The National Student Clearinghouse Research Center published the latest edition of its Current Term Enrollment Estimates series, which provides final enrollment estimates for the fall and spring terms.

The report found that undergraduate enrollment grew 3.5% and reached 15.3 million students, but remains below pre-pandemic levels (378,000 less students).

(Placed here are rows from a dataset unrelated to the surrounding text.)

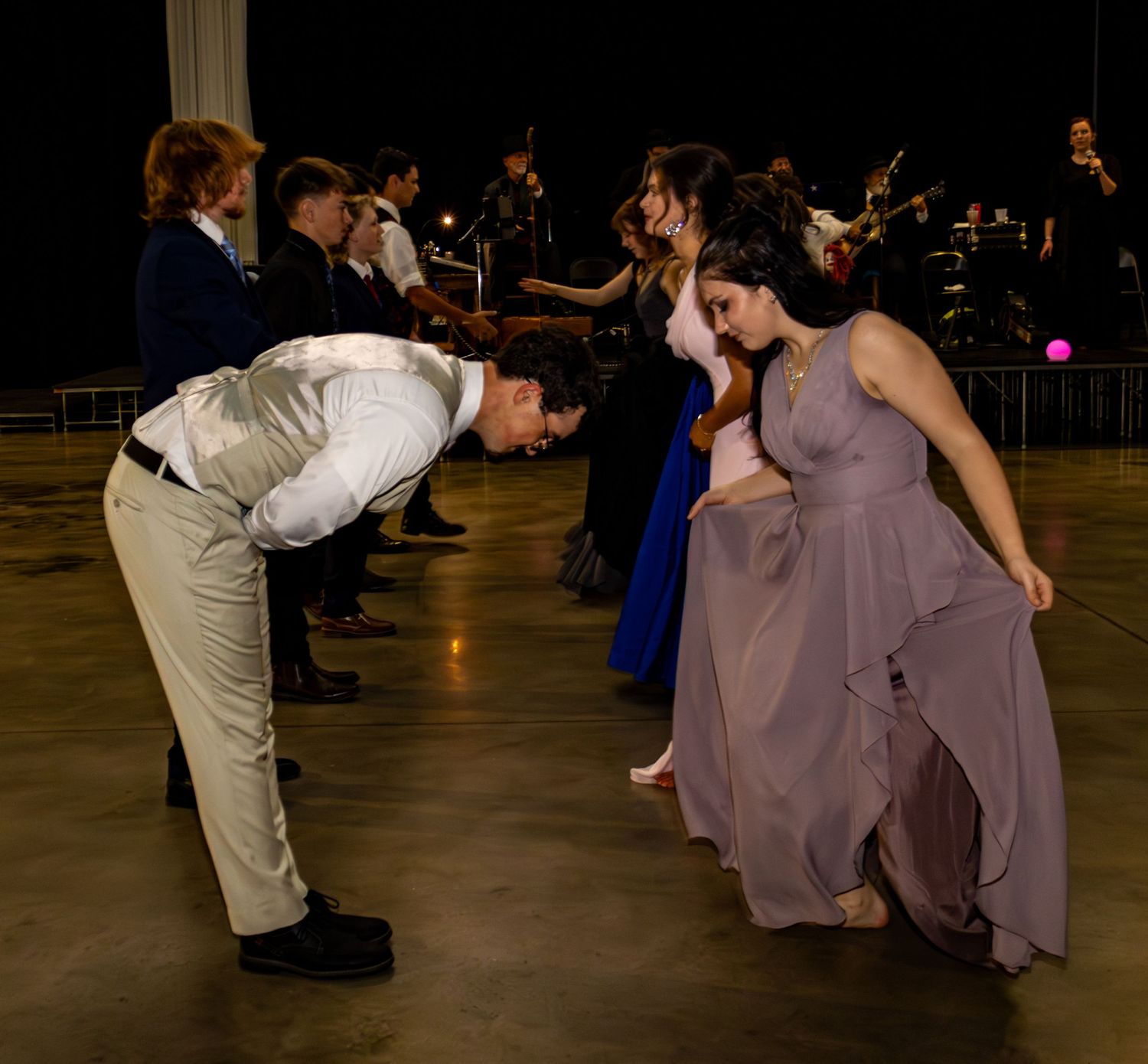 Couple bows to each other during formal dance performance on stage with orchestra behind them.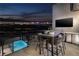 Outdoor patio with city views, pool, and built-in grill at 500 Overlook Rim Dr, Henderson, NV 89012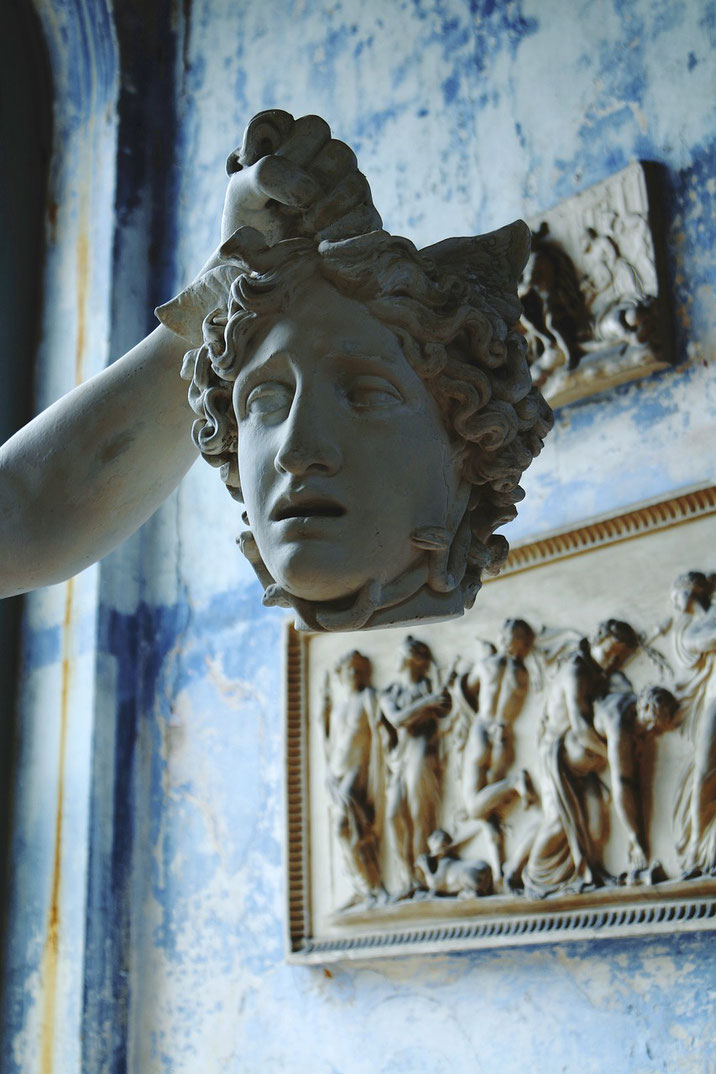 Close-up of a statue showing the severed head of Medusa held aloft, with relief sculptures in the background.
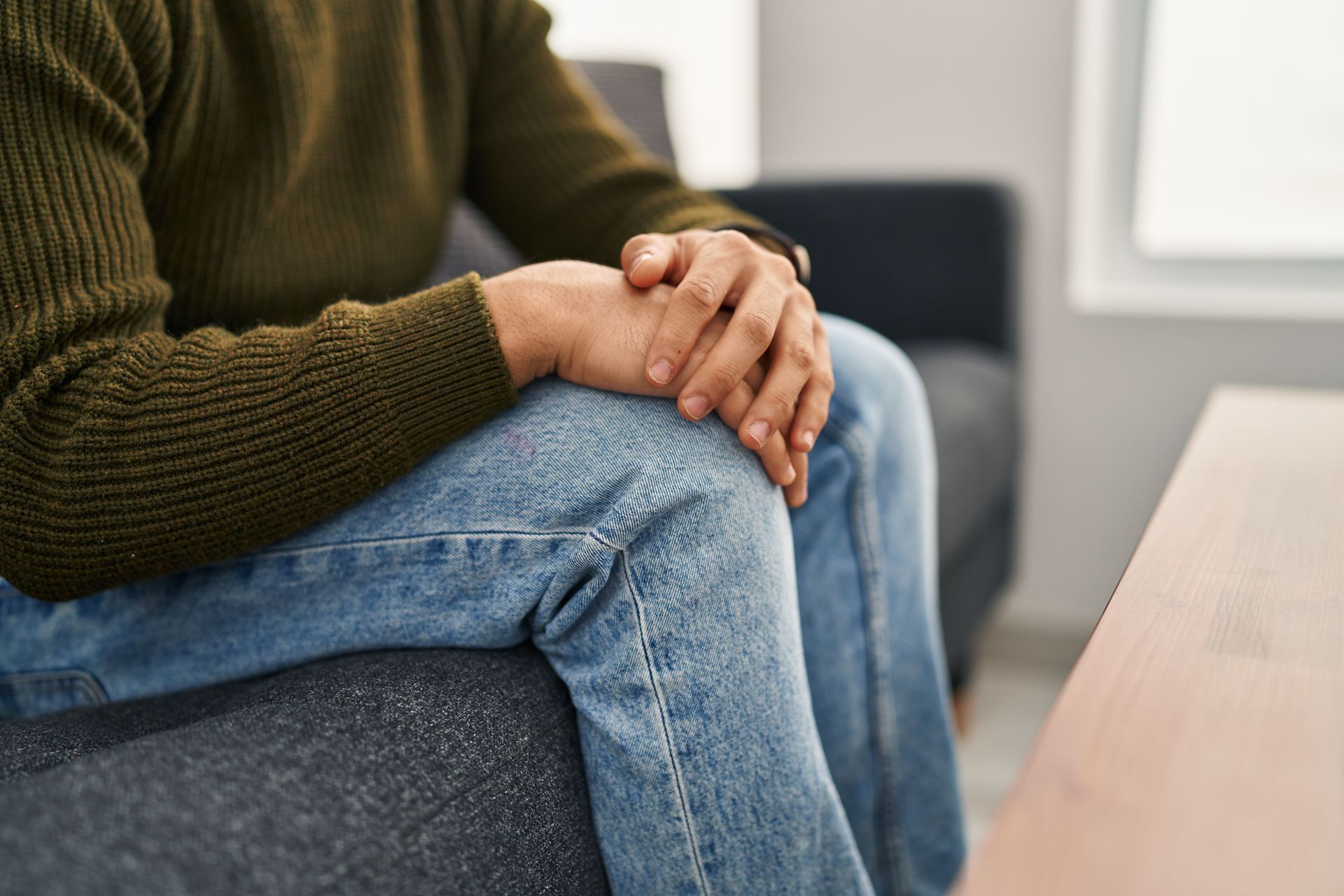 Individual seated in a counseling office during a one-on-one therapy and support session.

Graduate enrollment also increased to 7.2%, higher than in 2020 (209,000 more students).

Graduation photo

(Read more: Undergraduate accounting enrollment rose 12%)

Community colleges saw the largest growth in enrollment (5.4%), and enrollment increased for all undergraduate credential types. Bachelor’s and associate programs grew 2.1% and 6.3%, respectively, but remain below pre-pandemic levels. 

Most ethnoracial groups saw increases in enrollment this spring, with Black and multiracial undergraduate students seeing the largest growth (10.3% and 8.5%, respectively). The number of undergraduate students in their twenties also increased. Enrollment of students between the ages of 21 and 24 grew 3.2%, and enrollment for students between 25 and 29 grew 5.9%.

For the third consecutive year, high vocational public two-years had substantial growth in enrollment, increasing 11.7% from 2023 to 2024. Enrollment at these trade-focused institutions have increased nearly 20% since pre-pandemic levels.